What is needed :: Each entry below should be returned exactly as is, with the pictures removed.

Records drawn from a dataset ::
· · · · · · ·

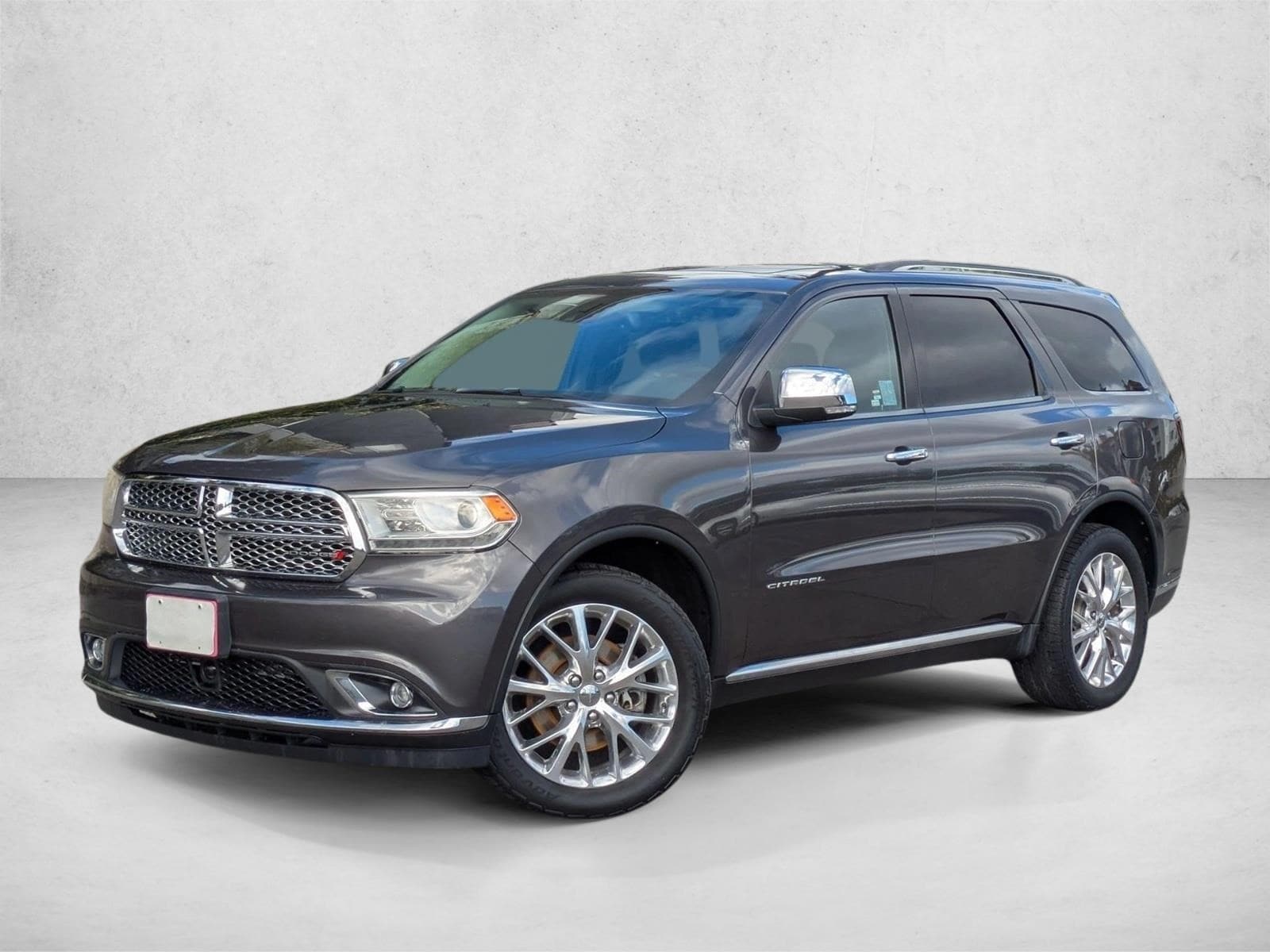 2015 Dodge Durango Citadel's photo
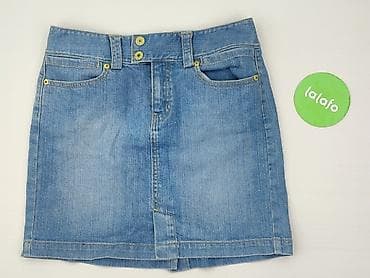 jeansy gap: Gap, Spódnica damska, rozmiar M — 2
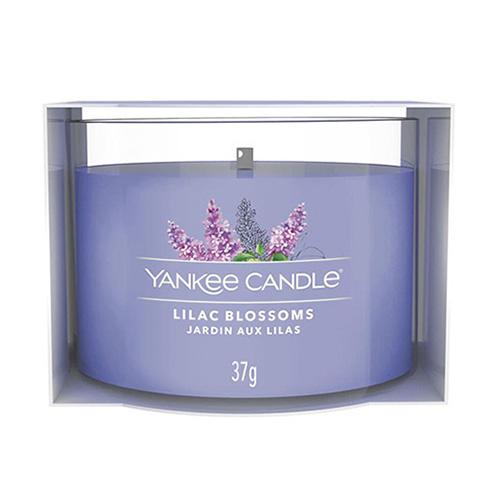 Yankee candle Votivkerze im Glas, Lilac Blossoms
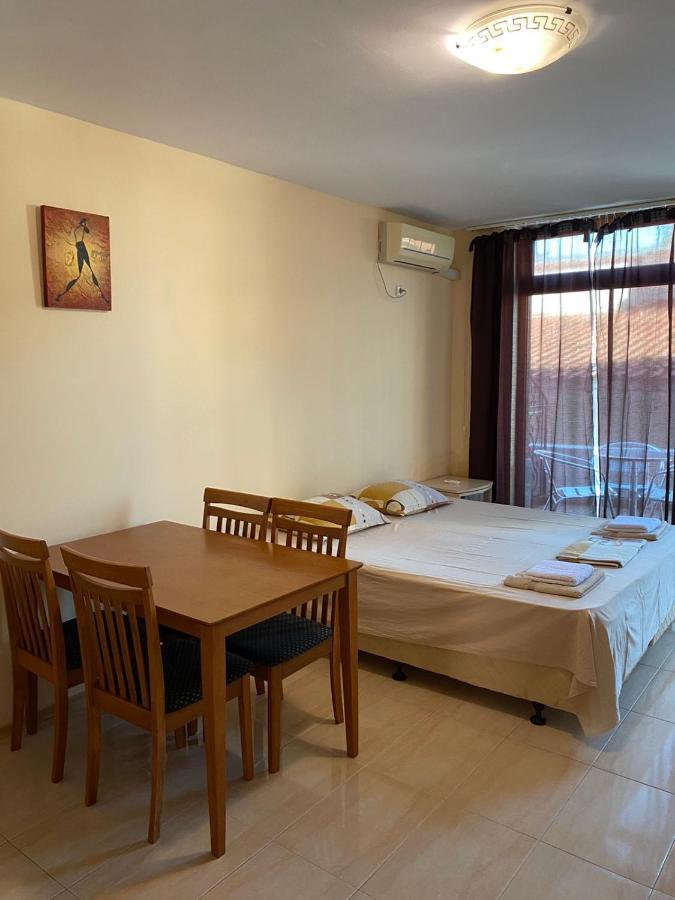 Студио- Плажна Улица Sozopol Exterior photo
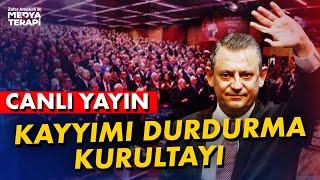 KAYYIMI DURDURMA KURULTAYI I Zafer Arapkirli İle Medya Terapi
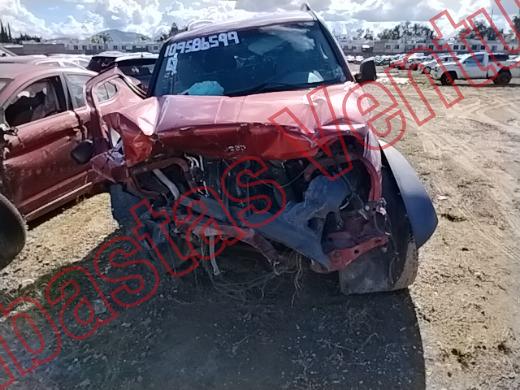 JEEP LIBERTY 2006, foto 2 de 19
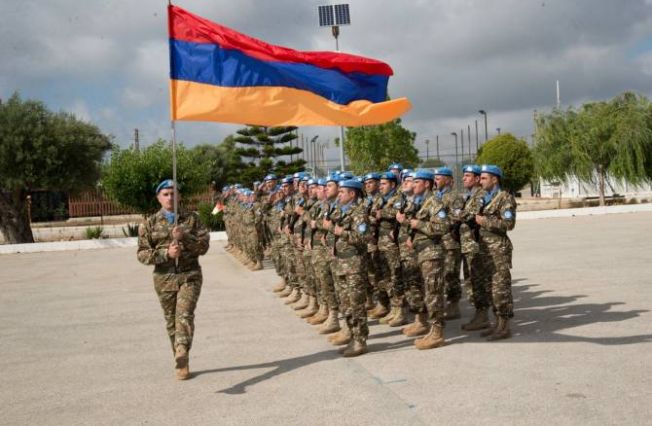 Defense Romania մասնագիտական ռազմաքաղաքական լրատվական գործակալությունը հրապարակել է Ռումինիայում ՀՀ դեսպան Սերգեյ Մինասյանի հարցազրույցը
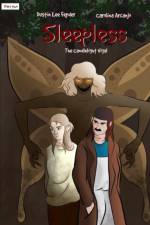 Sleepless af Dustin Feyder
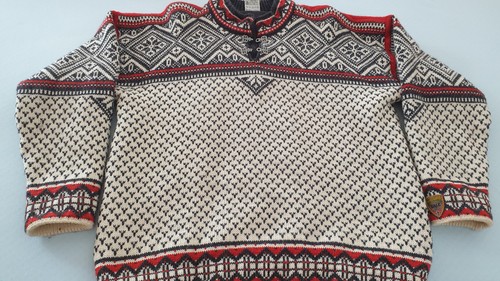 Dale norway windstopper - dale,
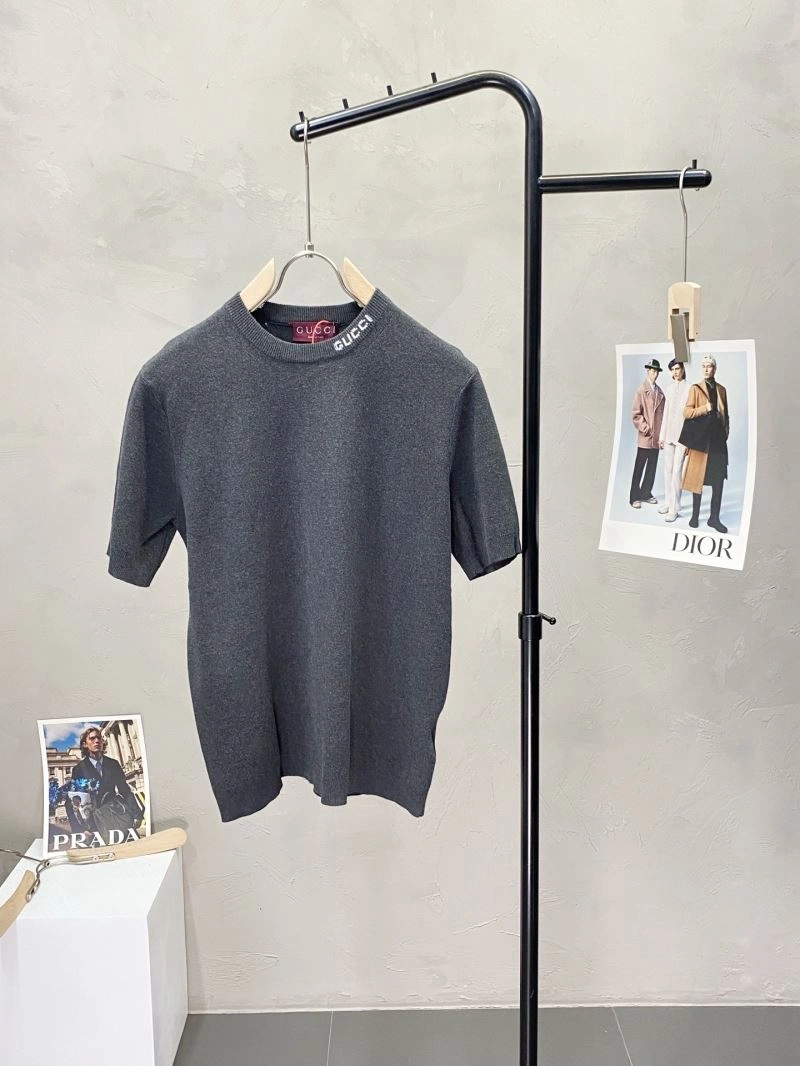 Gucci T-Shirts Cozy 127052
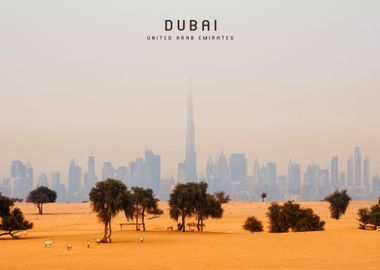 Dubai  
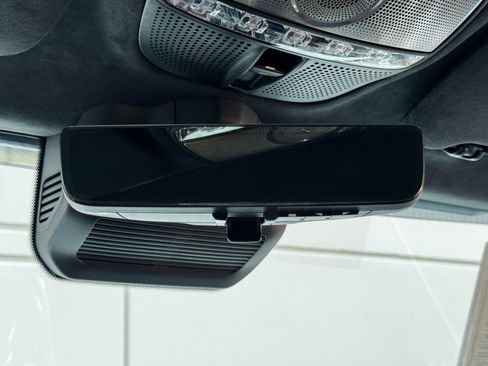 Used 2023 Mercedes-Benz G 63 AMG Squared image 45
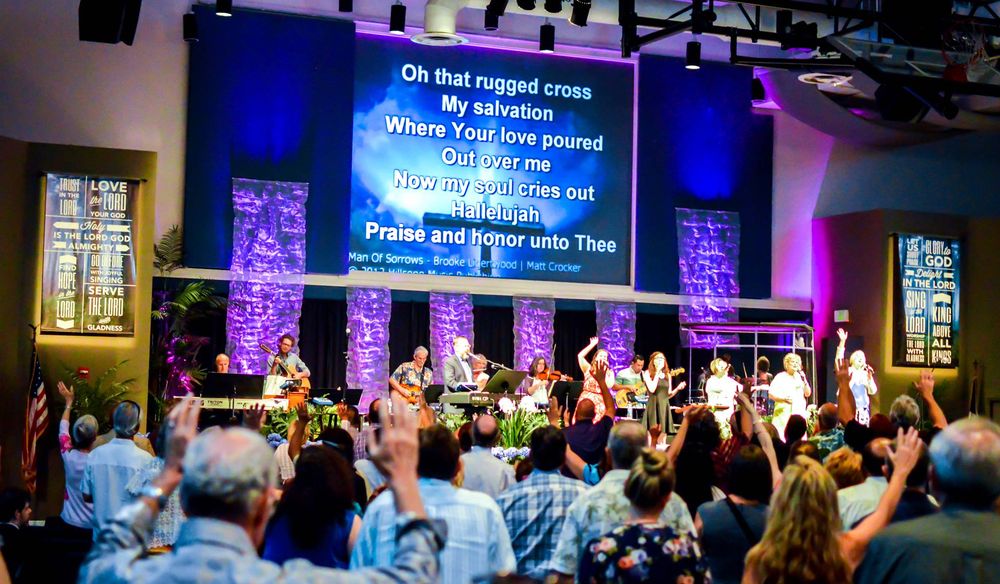 THE TABERNACLE CHURCH Updated October 2024 4141 Desoto Rd, Sarasota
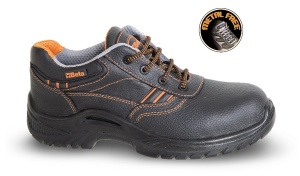 Scarpe antinfortunistica basse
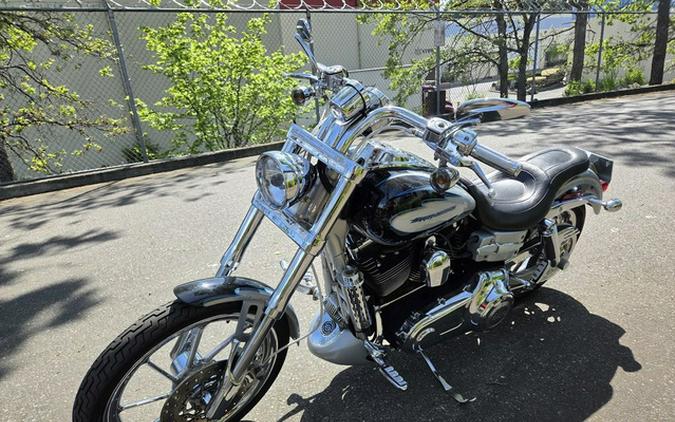 2007 Harley-Davidson FXDSE - Dyna Screamin' Eagle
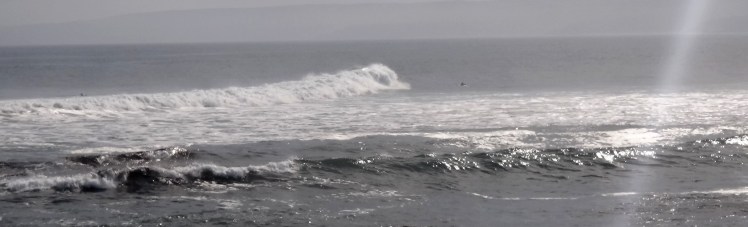La Puntilla - Pichilemu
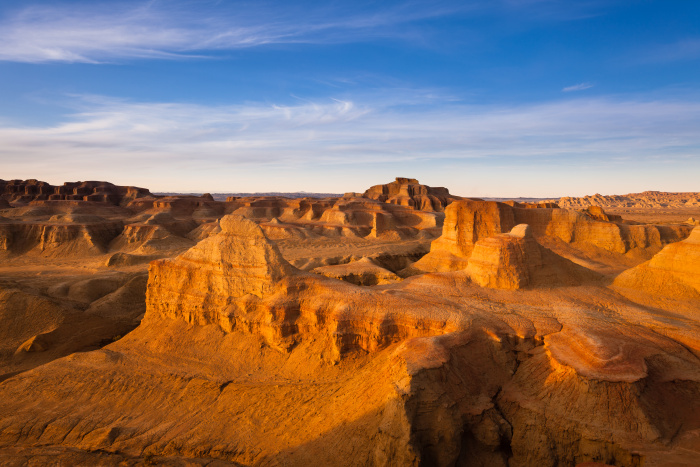 Besti in Asia_Gansu_1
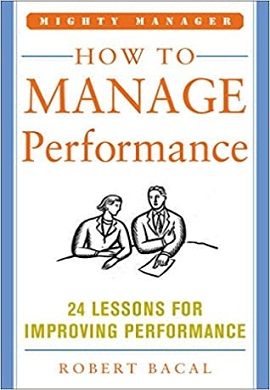 1-درسهایی برای بهبود عملکرد سازمان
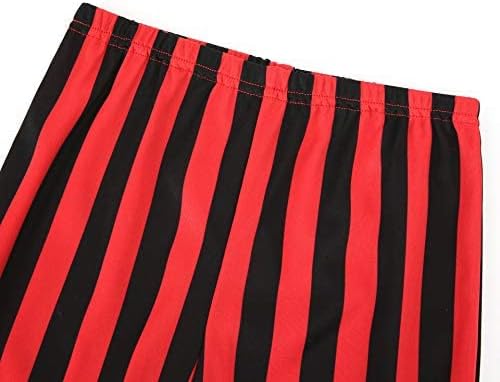 Miniatura 5 de Wizland Disfraz de pirata infantil para niños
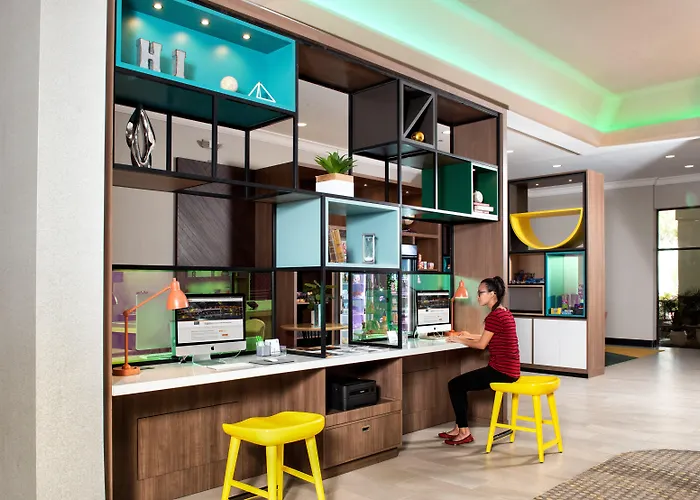 Holiday Inn Phoenix-Mesa Chandler By Ihg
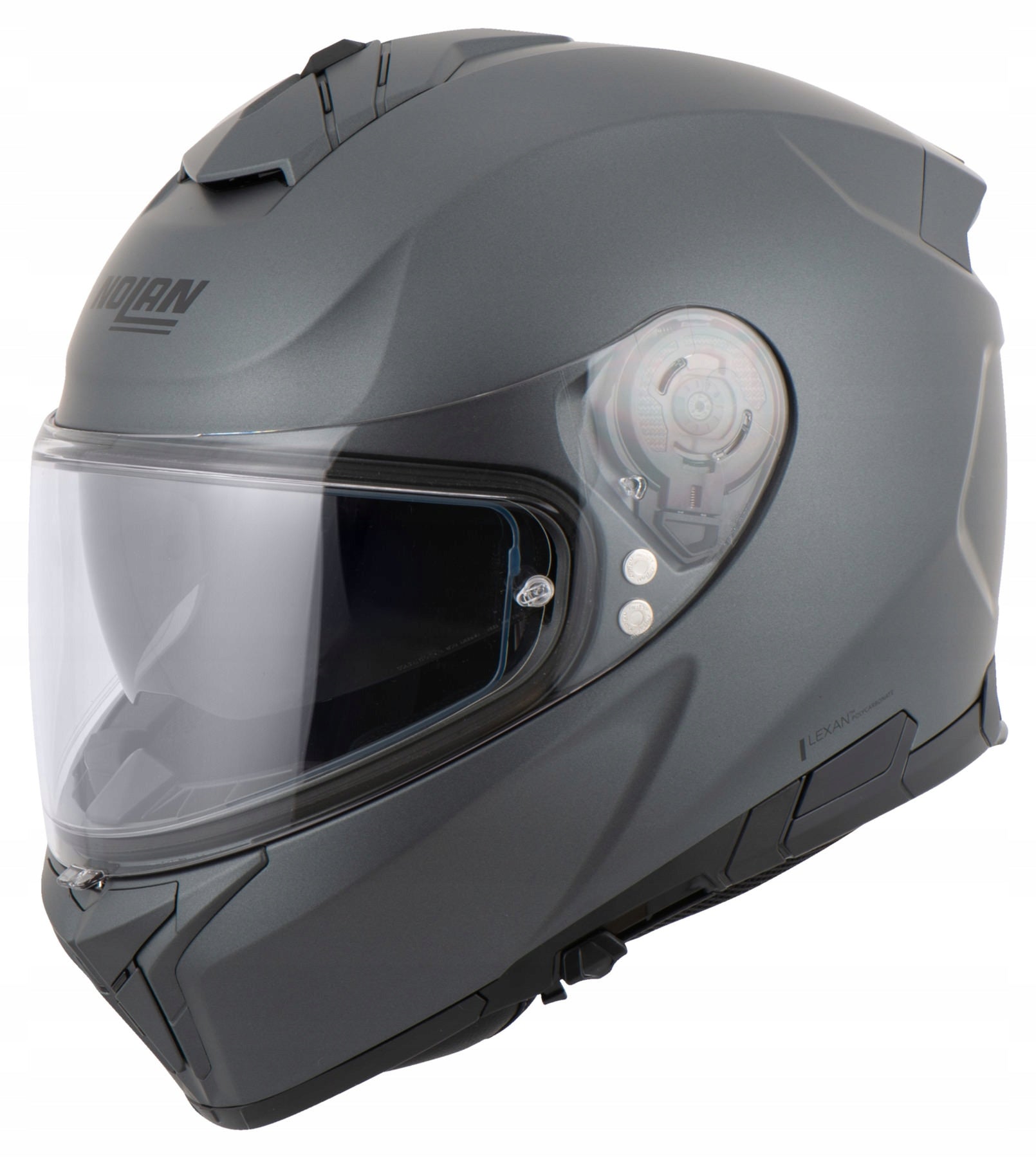 NOLAN N80-8 Motorcycle Helmet Integral Tourist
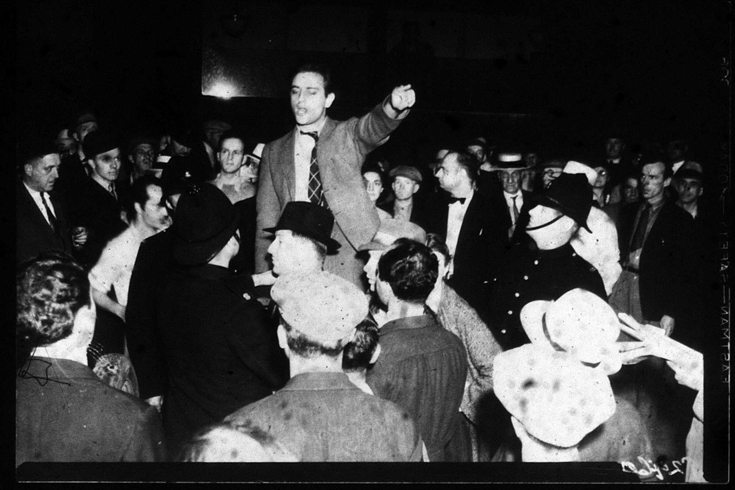 How to Build an Antifascist Movement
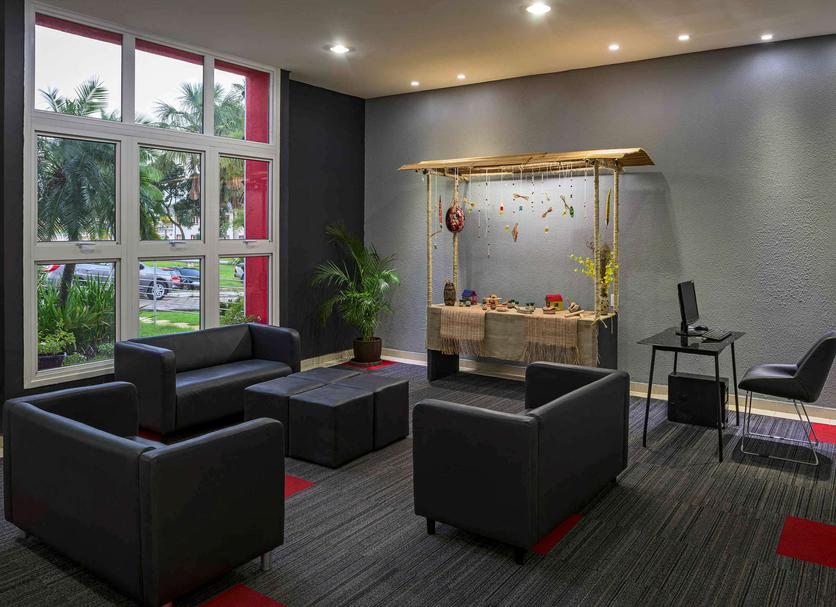 Lounge Ảnh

· · · · · · ·

Solution ::
 2015 Dodge Durango Citadel's photo
 jeansy gap: Gap, Spódnica damska, rozmiar M — 2
 Yankee candle Votivkerze im Glas, Lilac Blossoms
 Студио- Плажна Улица Sozopol Exterior photo
 KAYYIMI DURDURMA KURULTAYI I Zafer Arapkirli İle Medya Terapi
 JEEP LIBERTY 2006, foto 2 de 19
 Defense Romania մասնագիտական ռազմաքաղաքական լրատվական գործակալությունը հրապարակել է Ռումինիայում ՀՀ դեսպան Սերգեյ Մինասյանի հարցազրույցը
 Sleepless af Dustin Feyder
 Dale norway windstopper - dale,
 Gucci T-Shirts Cozy 127052
 Dubai  
 Used 2023 Mercedes-Benz G 63 AMG Squared image 45
 THE TABERNACLE CHURCH Updated October 2024 4141 Desoto Rd, Sarasota
 Scarpe antinfortunistica basse
 2007 Harley-Davidson FXDSE - Dyna Screamin' Eagle
La Puntilla - Pichilemu
 Besti in Asia_Gansu_1
 1-درسهایی برای بهبود عملکرد سازمان
 Miniatura 5 de Wizland Disfraz de pirata infantil para niños
 Holiday Inn Phoenix-Mesa Chandler By Ihg
 NOLAN N80-8 Motorcycle Helmet Integral Tourist
 How to Build an Antifascist Movement
 Lounge Ảnh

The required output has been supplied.